Runtime: macOS: Cannot add to X509Store [regression from 3.1]

Created on 19 Jul 2020  路  45Comments  路  Source: dotnet/runtime

I cannot seem to write to an X509Store in macOS. Code to reproduce:

using System.Security.Cryptography.X509Certificates;

namespace scratch {
    class Program {
        static void Main(string[] args) {
            using X509Certificate2 cert = new X509Certificate2("cert.pfx", "test", X509KeyStorageFlags.Exportable);
            using X509Store store = new X509Store(StoreName.My, StoreLocation.CurrentUser);
            store.Open(OpenFlags.ReadWrite);
            store.Add(cert);
        }
    }
}

This seems to always fail on store.Add(cert). Exception:

Unhandled exception.
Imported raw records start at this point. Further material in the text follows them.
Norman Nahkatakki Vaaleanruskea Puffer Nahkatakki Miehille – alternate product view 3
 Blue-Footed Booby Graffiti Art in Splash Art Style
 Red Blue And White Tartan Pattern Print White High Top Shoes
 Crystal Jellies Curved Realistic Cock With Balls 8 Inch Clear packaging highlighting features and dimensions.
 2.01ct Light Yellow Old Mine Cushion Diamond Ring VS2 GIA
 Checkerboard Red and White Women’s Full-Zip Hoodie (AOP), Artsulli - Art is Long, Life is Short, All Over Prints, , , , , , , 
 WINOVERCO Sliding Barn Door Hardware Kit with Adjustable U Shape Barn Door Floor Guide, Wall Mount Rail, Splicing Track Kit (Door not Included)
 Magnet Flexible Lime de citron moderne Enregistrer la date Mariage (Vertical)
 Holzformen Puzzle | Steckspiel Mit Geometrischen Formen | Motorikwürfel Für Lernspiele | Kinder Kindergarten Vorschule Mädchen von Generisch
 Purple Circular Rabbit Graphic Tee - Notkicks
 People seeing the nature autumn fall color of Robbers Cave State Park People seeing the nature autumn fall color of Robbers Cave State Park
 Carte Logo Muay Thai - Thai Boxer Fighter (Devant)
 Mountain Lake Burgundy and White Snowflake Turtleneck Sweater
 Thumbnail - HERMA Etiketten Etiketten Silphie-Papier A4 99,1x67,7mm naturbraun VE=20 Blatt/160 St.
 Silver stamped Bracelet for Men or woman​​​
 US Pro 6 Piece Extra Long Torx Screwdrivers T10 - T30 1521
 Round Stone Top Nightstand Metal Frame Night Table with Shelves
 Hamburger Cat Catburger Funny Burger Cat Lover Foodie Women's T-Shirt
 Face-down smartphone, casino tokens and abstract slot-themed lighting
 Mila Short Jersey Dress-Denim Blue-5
Interop+AppleCrypto+AppleCommonCryptoCryptographicException: UNIX[Undefined error: 0]
   at Interop.AppleCrypto.X509StoreAddCertificate(SafeKeychainItemHandle certOrIdentity, SafeKeychainHandle keychain)
   at Internal.Cryptography.Pal.StorePal.AppleKeychainStore.Add(ICertificatePal cert)
   at System.Security.Cryptography.X509Certificates.X509Store.Add(X509Certificate2 certificate)
   at scratch.Program.Main(String[] args) in /Users/kjones/Projects/scratch/Program.cs:line 9

The unit tests for this appear to be in X509StoreMutableTests_OSX. When I attempt to run them, all of them are skipped because the "can I write to the store?" conditional fails:

Writing precondition failed with kPOSIXErrorBase, skipping tests.

This is not an SSH session, or a VM, or anything out of the ordinary, it's a login zsh shell.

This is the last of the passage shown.